Dealing With Disputes
In a subdivided Strata development, it is not all that unusual for a dispute to arise between the owners of units. It’s no wonder. Neighbours often disagree about issues of maintenance and nuisance, and neighbours in Strata developments are no different. However, in the case of a neighbourhood or building that’s governed by a body corporate, there are procedures in place that can help to settle disputes. One of The Knight Alliance’s responsibilities is to help the strata corporations it manages settle internal disputes. If that isn’t possible, then the matter can be passed on to the Victorian Civil and Administrative Tribunal (VCAT).
If you have a complaint…
If you feel that you have a substantive complaint, then the first thing you should do is find out whether or not the behaviour that’s bothering you is a breach of your body corporate’s rules or a breach of one of the applicable acts or regulations. Keep a record of dates, times and incidents. If you discuss the issue with your neighbour (as you should), then record the date, time, what was said and perhaps the tone of the conversation, as well. Before filing a complaint, you should always discuss the matter with your neighbour, calmly and in the spirit of cooperation, and make an attempt to resolve it without outside intervention. You might feel a little uncomfortable about doing this, but nine times out of ten, bringing the matter to the attention of the other party in a calm and friendly way will be enough to resolve it.

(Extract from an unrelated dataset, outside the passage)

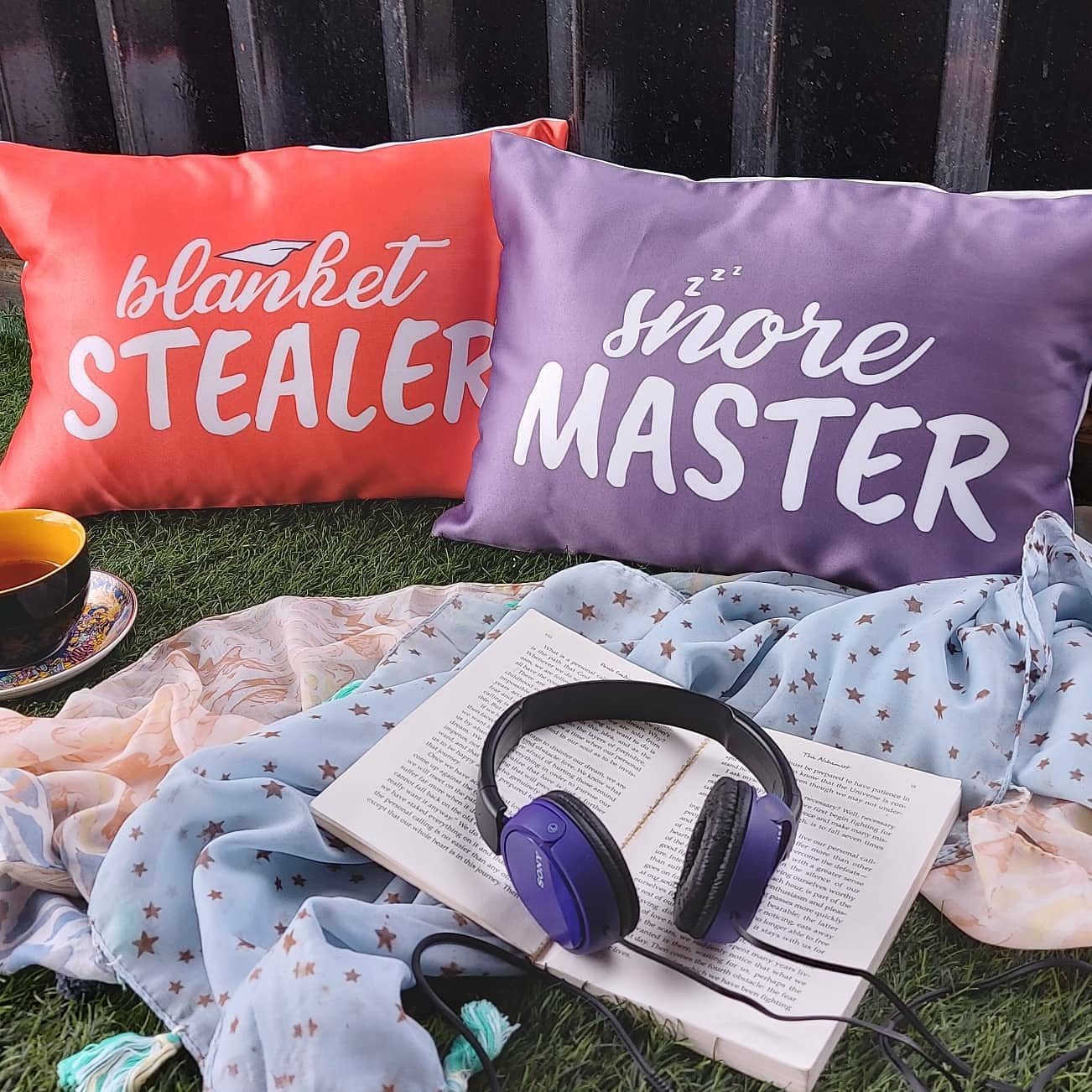 Set of 2 : Snore Master & Blanket Stealer
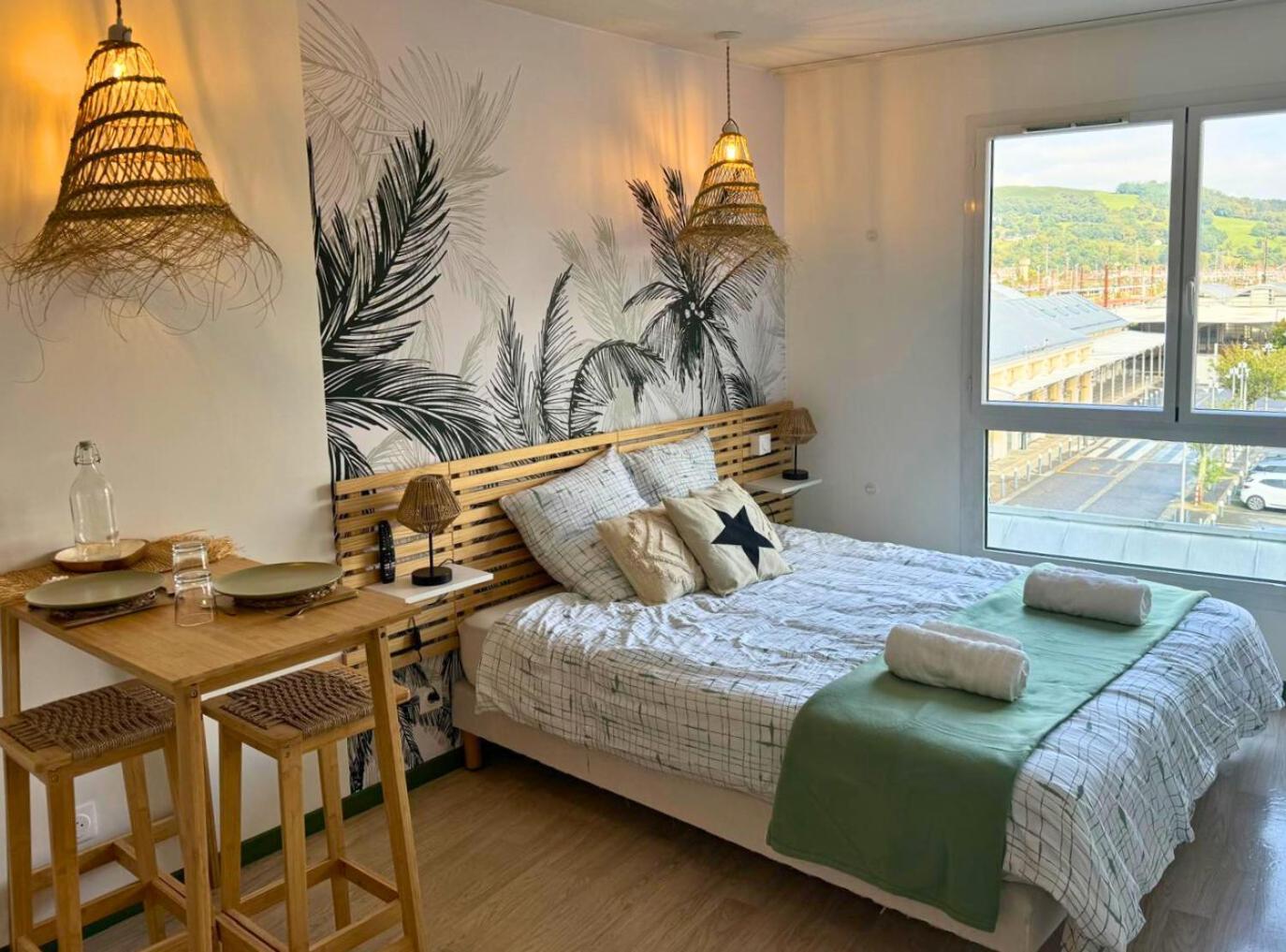 Oasis - Wifi, Clim, Vue, Equipe Apartment Lourdes Ngoại thất bức ảnh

What is the role of The Knight Alliance?
The role of the Knight Alliance is to help your owners’ corporation handle the second stage in the complaint process. Once a member of the body corporate has recorded an issue and made unsuccessful attempts to solve it directly, then they can file an Owners Corporation Complaint form. Make sure that you know what sort of resolution you’re looking for before you submit the form. An official complaint needs to be based on a violation of rules or regulations, and it needs to include a clear, desired resolution.
At that point, the owners’ corporation’s internal dispute resolution procedures come into play. The owners’ corporation will decide whether or not to act on the complaint and if it decides not to, it must provide a written explanation. The dispute will be reported on in the Annual General Meeting (AGM). In the model rules, which may or may not govern dispute resolution for your development, if the dispute is judged to be substantive, then first the other party is informed of the complaint and then a dispute resolution meeting must be called within 14 days.
What if the matter can’t be settled internally?
If the dispute isn’t resolved at the internal dispute resolution meeting, then it can be passed on to VCAT. VCAT, like the owners’ corporation, will evaluate the complaint and decide whether or not it has merit. If it does, then if all parties agree, the first step is to bring it to conciliation and attempt to settle it by negotiation. If that fails or isn’t agreed to, then the matter is submitted to the tribunal for judgement. The tribunal has the authority to order someone to do something; order that a penalty, damages or restitution be paid; void terms of a contract; and appoint or remove an owners’ corporation officer.